1-  ...gidin firma sahibine yazının içeriğinden bahsedin...
efendim yazar burada alman modernitesinin soğuk yüzüyle kullandığı hukuk terminolojisinden faydalanarak "firma sahibi" söz öbeğiyle gözümüzü korkutuyor mu? korkutuyor. FİRMA SAHİBİ! yaz kızım işbu davanın tarafları rukneddin cevdet kekremsi ve hede hödeoğlu olup, will hereby be referred to as BLOG YAZARI and FİRMA SAHİBİ! hell fuckin yeah! du bist wundabar!! jaa ich komme! nasıl bir mastürbasyon! nasıl bir tatmin duygusu!

2-  ...ve ona bir hukuk bürosuna gidip basın yoluyla karalama ve hakaret edildiği gerekçesiyle dava açması gerektiğini anlatın.

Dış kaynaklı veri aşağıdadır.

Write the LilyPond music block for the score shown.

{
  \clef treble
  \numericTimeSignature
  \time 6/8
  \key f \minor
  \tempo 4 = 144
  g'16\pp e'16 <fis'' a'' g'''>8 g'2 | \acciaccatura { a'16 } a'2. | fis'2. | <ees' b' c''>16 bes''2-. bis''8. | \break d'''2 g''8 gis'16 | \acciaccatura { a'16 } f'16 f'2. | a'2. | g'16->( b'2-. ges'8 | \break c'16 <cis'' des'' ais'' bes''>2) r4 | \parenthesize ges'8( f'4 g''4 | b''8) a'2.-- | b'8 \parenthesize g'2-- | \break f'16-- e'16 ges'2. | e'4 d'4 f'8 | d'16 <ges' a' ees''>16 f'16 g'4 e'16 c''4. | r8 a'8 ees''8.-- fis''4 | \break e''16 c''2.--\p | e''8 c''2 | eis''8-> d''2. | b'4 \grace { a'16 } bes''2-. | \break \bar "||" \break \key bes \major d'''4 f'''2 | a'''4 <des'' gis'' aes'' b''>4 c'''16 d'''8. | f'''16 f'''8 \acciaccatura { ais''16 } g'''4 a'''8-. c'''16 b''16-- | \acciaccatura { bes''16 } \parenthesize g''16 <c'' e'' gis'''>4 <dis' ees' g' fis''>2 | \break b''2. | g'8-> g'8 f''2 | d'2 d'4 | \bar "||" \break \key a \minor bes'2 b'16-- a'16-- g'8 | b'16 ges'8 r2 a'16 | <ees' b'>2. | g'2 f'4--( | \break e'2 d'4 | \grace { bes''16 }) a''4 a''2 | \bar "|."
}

böyle de tam kutsal kitap gibi oldu ha. ve tanrı yakub'a dedi ki, öyleyse sen de bir hukuk bürosuna gidip basın yoluyla karalama ve hakaret edildiği gerekçesiyle dava açması gerektiğini anlat. yakub cevâb veremedi. şimdi güzel kardeşim, adamın hiç işi gücü yok, bugün huhu giyim, yarın microsoft, öbür gün toyota'ya her türlü boku atabilecek potansiyele sahip ciddiyetsiz bir blog yazarını, hiçbiri salihlide yaşamayan sadece 31 okuru olan bir blog yazarını dava etmek için hukuk bürosuna, avukatlara falan para verecek, üstüne bir de bir sürü yasal prosedür takip edecek.
bir de "basın yoluyla" lafına çok güldüm, bilesin. sanırsın ki bir usa today, washington times yazarıyım da huhu giyimin usame bin ladin'e çorap sattığını tespit ettim. git kendine bir iş güç bul yahu. origami falan öğren, bi duş al.

3- ...banada bu arkadaşın yanlı yayın yaptığı düşüncesi yerleşti hani ökkeşten gayrısını tanımıyormuş ya sonuçta ikiside komşu dükkanlar...
bir kere "da" ayrı yazılır evlat, şunu bi iyice öğren. ayrıca yanlı yayın nedir ulan? sjkdhjksahdkjahdkja yanlı yayın demiş adam. şu blog hayatım boyunca bana bu kadar saygı gösteren bir kişi olmadı şerefsizim. adam beni adeta bir cbs, bir washington times olarak görüyor. sanki ökkeşin reklamlarını aldım blogun dört bi yanına. ben bi kere tommy'den aşağı giymem bebeğim. ikincisi de ökkeş bi 100 yıldır salihlide. şu markalaşma harikası adına rağmen bu kadar tutulan başka bir kuruluş tanımam ben. zamanında pazar yerinde kadınlar ökkeş ürünlerini kapışırken kavga ederdi de biz deliliğin sınırlarını öğrenirdik küçük yaşta. yoksa gidip ökkeşten bir şey aldığımdan değil. onu biliyorum sadece. şimdi ben buraya çıkıp ben cisco'dan gayrısını tanımam yazsam at&t, kumtel falan bana dava mı açsın? tanımıyorum ulan, zorla mı?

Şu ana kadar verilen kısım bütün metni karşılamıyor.